La fin des grands ensembles
La faute en est à la pénurie de grandes collections de prestige, ces « single owner sales », ces ensembles réunis par un seul grand amateur aussi connu que connaisseur, dont la vente annoncée enflamme les médias, interpelle le beau monde et dynamise les enchères.
Mais on n'a pas vu non plus – ou pas trop – de ces flops lamentables de ventes laborieuses, composées de fonds de stock d'antiquaires et d'invendus de précédentes ventes, mêlés à quelques meubles sains de diverses provenances, qui ne trompent personne et se concluent sur plus de 60 % d'invendus. Pour les ventes moyennes, au contraire, les choses vont plutôt mieux.
Le signe le plus encourageant, c'est le retour des marchands dans les salles des ventes. À vrai dire, ils n'en ont jamais été absents, mais, ces dernières années, ils venaient plutôt en observateurs (ou en vendeurs !) et ne participaient guère aux enchères. Manque de crédits, excès de stock, désertion de la clientèle. Et voilà qu'ils recommencent à pousser l'enchère. À tous les niveaux : aussi bien sur le meuble moyen xviiie-xixe, « de consommation courante », que sur les glorieuses estampilles ou les marqueteries de Boulle à enchères millionnaires. Résultat : les fameuses ventes composées, de diverses provenances, se déroulent désormais à 15-20 % d'invendus, soit la moitié du chiffre de l'année précédente.
Ce frémissement encourageant était d'ailleurs très sensible en novembre, à la Biennale des Antiquaires. Cette xviie Biennale se présentait pourtant sous de mauvais augures. Passer des espaces lumineux du Grand Palais au sous-sol bas de plafond du Carrousel... une gageure. Mais, après un démarrage en douceur, tout s'est bien passé, y compris pour les objets très chers, et moyennant des discussions serrées : le marchandage n'est pas réservé à la brocante.

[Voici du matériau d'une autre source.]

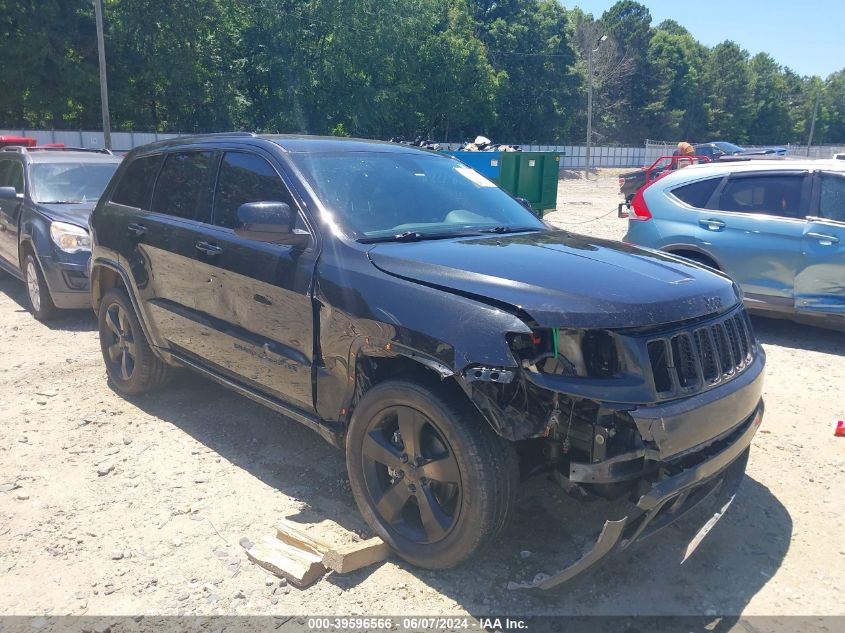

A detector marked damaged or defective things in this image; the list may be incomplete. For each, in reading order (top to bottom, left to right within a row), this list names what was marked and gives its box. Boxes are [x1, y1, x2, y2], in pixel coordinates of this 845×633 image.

damaged black suv [90, 135, 764, 588]
broken headlight [508, 330, 620, 376]
damaged front bumper [512, 402, 760, 592]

Les choses demeurent plus difficiles du côté des tableaux modernes en général et de l'art contemporain en particulier. Car, souvent, ceux qui les possèdent et aimeraient les vendre ont du mal à admettre de ne récupérer que 50 % (ou moins) de leur investissement. Parfois ils s'y résignent... Le cas le plus éloquent est celui de la Ronde des fillettes, peint par Picasso au début de son séjour à Paris. Mis en vente une première fois à Londres, en 1990, ce tableau avait atteint l'équivalent de 45 millions de francs, trop peu pour son propriétaire qui préféra le reprendre. Et tenta sa chance à Drouot, en octobre dernier, où il le laissa partir pour... 20,7 millions de francs, soit un manque à gagner de 25 millions de francs. Des écarts du même ordre ont affecté quatre toiles de la collection Bourdon, adjugées – mais jamais payées – en 1990 pour un total de plus de 20 millions et qui, repassées sous le marteau d'ivoire en avril dernier, n'ont même pas réuni 10 millions. Mis à part ces déconfitures, qui éloignent de salles des ventes les œuvres majeures, le marché des tableaux modernes a retrouvé une nouvelle régularité, à des prix très inférieurs à ceux de 1988-1990, et réussi à refidéliser une clientèle, moins fortunée, moins m'as-tu-vu que celle d'il y a cinq ans. Quand les prix d'estimation sont raisonnables, les acheteurs suivent, et les invendus sont désormais en dessous de 25-30 % (un chiffre convenable pour les tableaux). Mais, si les vendeurs sont trop gourmands, la sanction est immédiate, leurs tableaux leur restent sur les bras. On l'a bien compris cette année à la FIAC, profitant du déménagement forcé sous la tente du quai Branly pour abaisser le niveau des œuvres. Et on a eu raison, puisque le chiffre des ventes a progressé de 30 %.